> STORED DATA
· · · · · · ·

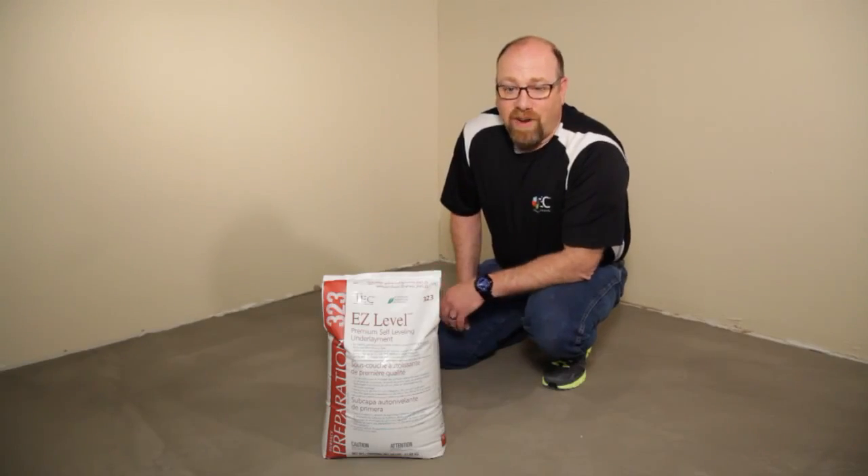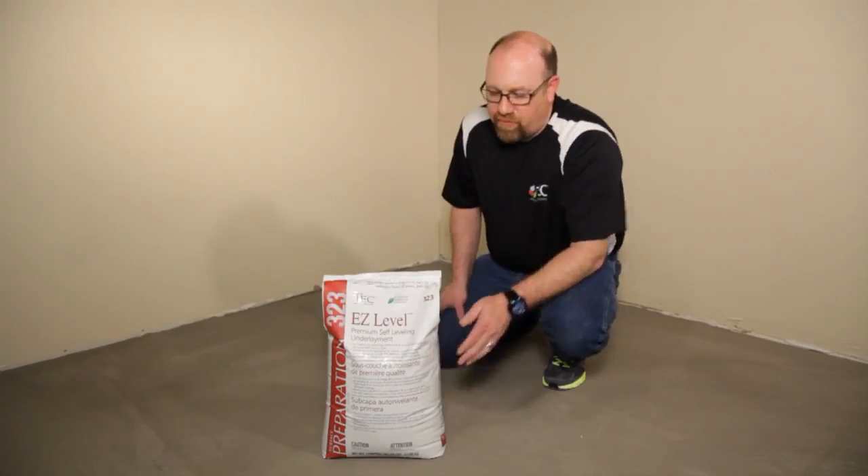It's been almost 45 minutes and our primer is nice and dry. We're ready to go ahead with our self-leveler.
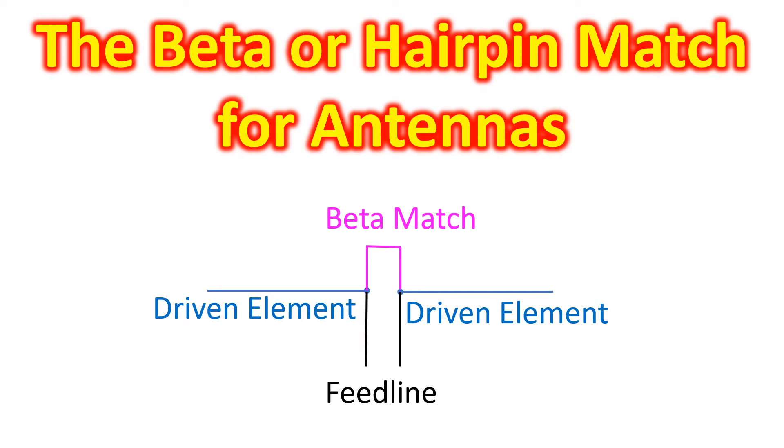This is of course a very simplified explanation of a beta match. An actual calculation of the size of a beta match will depend on the type of balun to be used at the feed point, operating frequency, as well as conductivity, permeability, diameter, spacing, velocity factor, and many other parameters of the beta match segment.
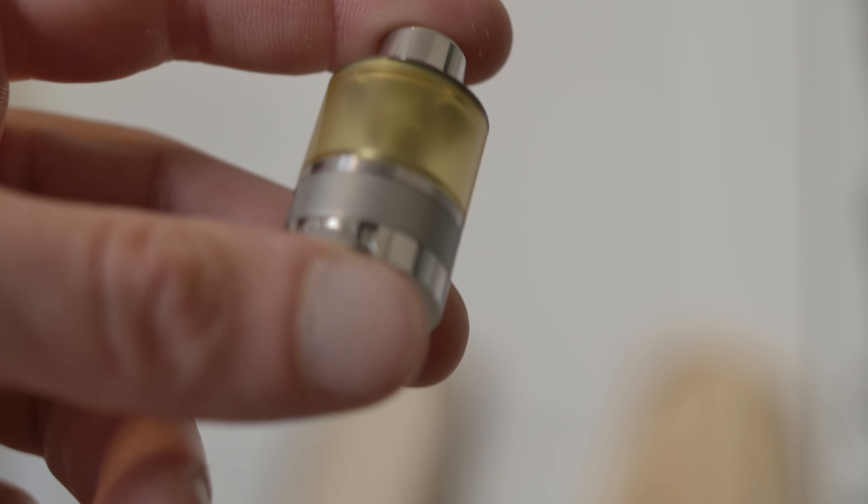Alright, ladies and gentlemen, boys and girls, here we go. This is my top 10 for single coil RTAs. This list I'm hitting right here is primarily RDL, high-end, and starting off at number 10...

· · · · · · ·

> WHAT THE TASK ASKS
Excluding pictures, reproduce the listing above exactly as it stands.

> SOLUTION
It's been almost 45 minutes and our primer is nice and dry. We're ready to go ahead with our self-leveler.
This is of course a very simplified explanation of a beta match. An actual calculation of the size of a beta match will depend on the type of balun to be used at the feed point, operating frequency, as well as conductivity, permeability, diameter, spacing, velocity factor, and many other parameters of the beta match segment.
Alright, ladies and gentlemen, boys and girls, here we go. This is my top 10 for single coil RTAs. This list I'm hitting right here is primarily RDL, high-end, and starting off at number 10...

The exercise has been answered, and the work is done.